[EM] The Sainte-Lague index and proportionality

Wed Jul 18 06:05:55 PDT 2012

On 07/15/2012 11:47 AM, Michael Ossipoff wrote:
>>> If unbias in each allocation is all-important, then can anything else be
>>> as good as trial-and-error minimization of the measured correlation
>>> between q and s/q, for each allocation?
>>
>>
>> You answered this below. If you know the distribution, then you can directly
>> find out what kind of rounding rule would be best and you'd use that one.
>
> Yes, but that's a big "if".  But if you, by trial and error, in each
> allocation, minimize the measured correlation between q and s/q, then
> you're achieving unbias, and you needn't know or assume anything about
> that distribution.
>
> Besides, Pearson correlation is well-known, and WW is new. And
> minimizing correlation is obvious and easily explained.  Of course
> you're losing the minimization of the deviation of  states' s/q from
> its ideal equal value.
>
> On the other hand, if an one exponential function, over the entire
> range of states, is a good approximation, then we have a constant p.
> And that p that is just very slightly less than .5 wouldn't be so hard
> to get acceptance for, if it's explained that it gets rid of Webster's
> tiny bias of about 1/3 of one percent.   ...to better attain more true
> unbias.
>
> So either approach would be proposable, if that one overall
> exponential is a good approximation. But Warren himself admitted that,
> at the low-population end, it isn't accurate, because the states, at
> some point, stop getting smaller. But Warren said that his single
> exponential function worked pretty well in his tests.
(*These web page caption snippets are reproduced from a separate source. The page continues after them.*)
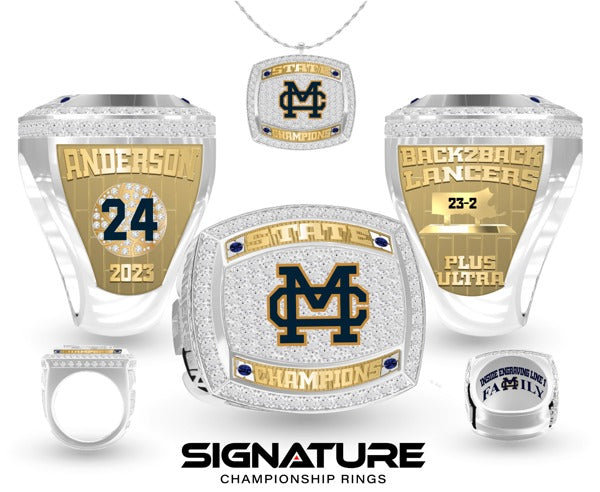 Malden Catholic Basketball -Men's 2023 Championship Ring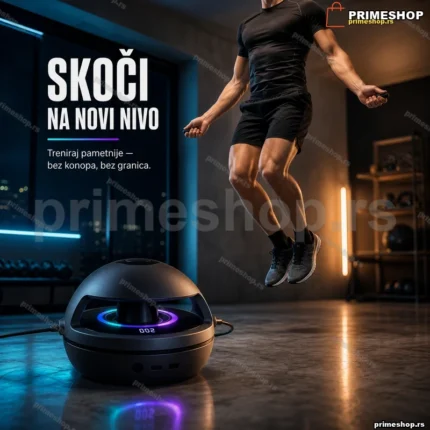 Trenažer za skakanje — mašina za preskakanje užeta sa LED i zvučnikom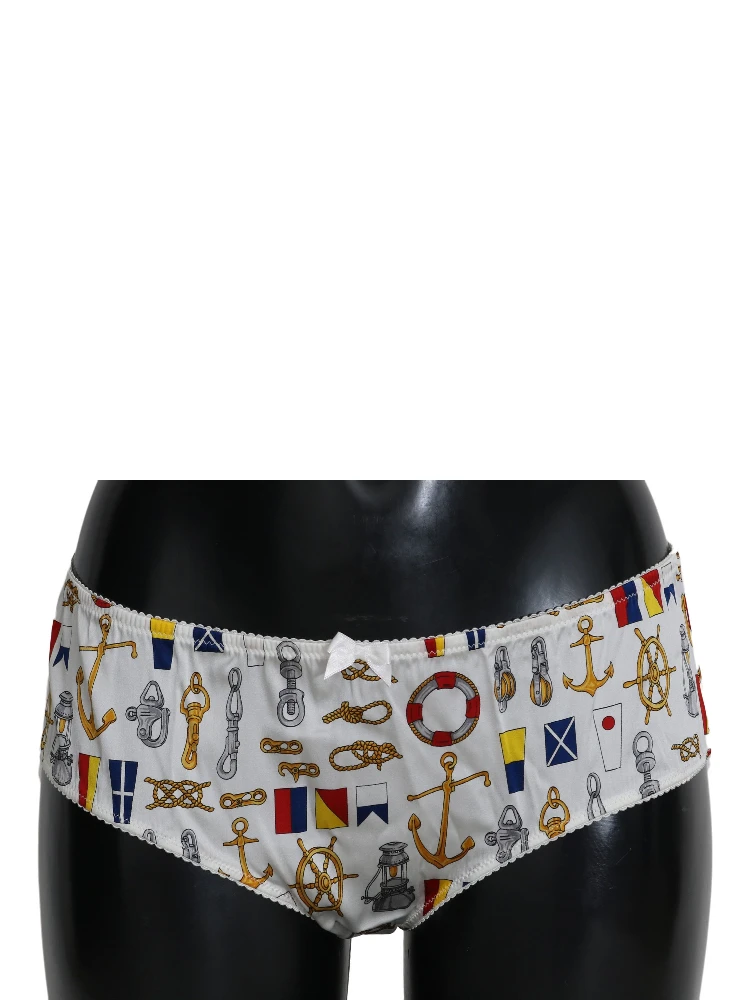 Underwear Sailor Print Silk Bottoms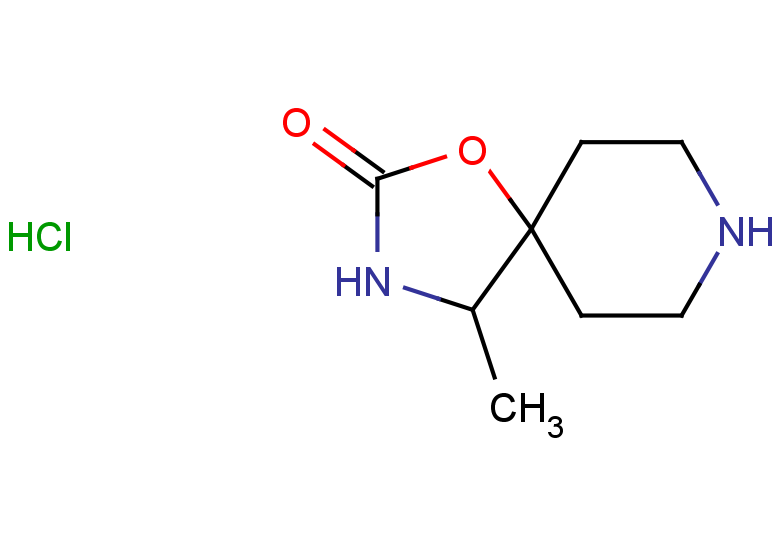 4-methyl-1-oxa-3,8-diazaspiro[4.5]decan-2-one hydrochloride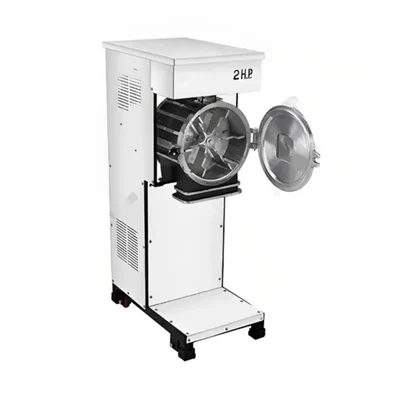 Fully Automatic 2 in 1 SS Flour Mill/Pulverizer Machine/Masala Grinder With 2 HP Motor (6 Blades), 14-17 Kg Per Hour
Gibrat's law ( https://en.wikipedia.org/wiki/Gibrat%27s_law ) suggests a 
log-normal distribution, and indeed the tail of such a distribution is 
exponential.

After reading about it, I did some tests with US state populations (of 
latest census), and a kernel density estimate of the logarithms of the 
populations show a distribution that looks a lot like a sum of 
Gaussians. So log-normal is a reasonable first approximation. To get a 
better approximation, use the exponential of a fitted sum of Gaussians, 
which would be log-normals multiplied -- I think.

I haven't tested on past populations, so perhaps my sample size is 
insufficient. Still, if it is not, that would explain why Warren's 
exponential function worked well -- and presumably, a log-normal fit 
would work better yet.